Good luck and loads of babydust coming your way!!! I'm 6 days late today and this waiting is driving me nuts!!! I had a BFN on 6/18, so Im waiting to see if af comes or I will test this weekend!!! HOPE YOU GET YOUR BFP!!!!!!!!


----------



## Glowbug

I'm hoping for your BFP!!!!!!


----------



## Snip

8 days late / 22 dpo.........No :witch: 

getting my hpt's today :happydance:


----------



## SKAV

Snip said:


> 8 days late / 22 dpo.........No :witch:
> 
> getting my hpt's today :happydance:

Lovely chart Snip! Yippee for those tests arriving today :happydance: can't wait for the pics, and I hope they are a lot darker:thumbup:


----------



## Snip

You guys (girls) wont believe what just happened! 
Went to the loo and after pee'ing remember i have to hold out for the hpt!
so i went to the post office and package arived! Rush home and pee in a cup...pee only held for half an hour! THE CUP FELL IN THE TOILET! AAAARRRGGG!!
anyway...held urine for 10min and dipped an IC. :bfp: 
faint but def there. Took pics with my phone cause hubby is home! Will upload asap


----------



## girlibird

congratulations snip so so so very happy for you xxxx


----------



## tupi

Snip said:


> You guys (girls) wont believe what just happened!
> Went to the loo and after pee'ing remember i have to hold out for the hpt!
> so i went to the post office and package arived! Rush home and pee in a cup...pee only held for half an hour! THE CUP FELL IN THE TOILET! AAAARRRGGG!!
> 
> 
> anyway...held urine for 10min and dipped an IC. :bfp:
> faint but def there. Took pics with my phone cause hubby is home! Will upload asap

:happydance:


----------



## MKL073007

:hug::dance::yipee:


----------



## AllMacsNow

YAY!!!!

I am so excited for you guys. 

That would totally happen to me (the cup falling in the toilet part ;) )

Congrats, Mama, and how cool you found out on LG's birthday too!


----------



## ttc11786

I'm so happy for you snip!! we all knew this was going to be the outcome! :)


----------



## jamhs

Congrats! hope you have a h&h 9 month!


----------



## kdutra

OMG Congrats!!! Post pictures!!! hurry!!!!


----------



## Moo Ba LaLaLa

Congratulations, Snip! H&H 9 months!


----------



## Snip

Thnx to everyone!!

I just hope the line is darker 2morow morning with fmu!!


----------



## Snip

This mornings IC with 10min holding wee.....
Pics taken with my phone so it's not really good...but there's def a line!!


----------



## Snip

Test taken just now....pics taken with phone at 2min


----------



## artsiekat

Yay! Congrats, momma! :happydance::happydance:


----------



## Emo1978

YAY CONGRATULATIONS! :happydance::happydance::happydance:


----------



## SKAV

*Congrats!!!*

:wohoo::wohoo::wohoo::yipee::yipee::yipee::wohoo::wohoo::wohoo:

you won't imagine how much am happy for you...!!!:hugs:


----------



## pink23

congrats xx


----------



## 3boys

congrats


----------



## Snip

my test this morning...pics taken with my phone so not the best!
Line do look a little bit darker bit not really convincing....


----------



## girlibird

i see them snip congratulations hun h&h 9 months xxxx


----------



## Snip

soooo I just realized I'm one of those that have to use 2nd or 3rm MU.

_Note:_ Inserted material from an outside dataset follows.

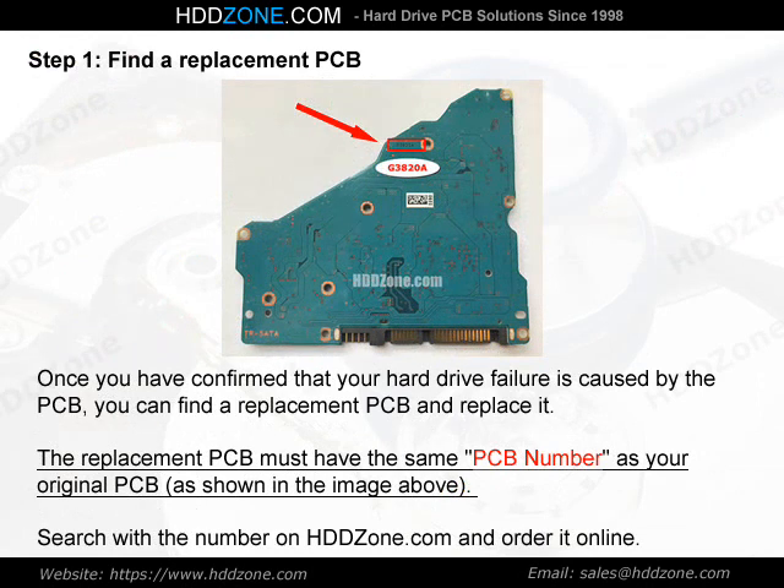Step 1: Find a Replacement PCB. Once you have confirmed that your hard drive failure is caused by the PCB, you can find a replacement PCB and replace it. The replacement PCB must have the same PCB number as your original PCB, as shown in the image above. Search with the number on HDDZone.com and order it online.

Yesterday I did an IC with 3MU=got a good but faint line...
IC today with FMU=vvvvv faint line....
did an IC just now with 3MU=very clear second line!!

So all this time I tested with FMU and got superfaint lines....and now testing with 3MU I get darker lines!!


----------



## gilberts79

Picturrrrrre! :D seriously its the same for me with opks and hpt's... Congrats hun!!!!! x


----------



## R&JBabybean

congratulations x


----------



## 3boys

ics were the same for me! for 3 days i got negatives in the morning but lines in the afternoon!


----------



## Snip

Top one was noon today
bottom one fmu


----------



## Snip

tweekers welcome to get the lines more noticable


----------



## here_we_r

Hey Snip!!! :hi:

You girlie YOU!!!:haha: Congratulations!! I didn't know you had a thread until I just read it on TTC.:dohh: Congrats again my friend. I'm so happy for you. Now on to First Tri for you..:happydance: Congrats again my love!


----------



## SunUp

:wohoo::yellow::yellow::wohoo:YAY:flower:


----------



## artiste

girlibird said:


> with my second child i never got a bfp till i was 3 weeks late!! so there is still hope .. this time round my bfp started very very faint only showing the antibody strip at 17dpo, then at 18 and 19dpo it started getting darker, when was your period due?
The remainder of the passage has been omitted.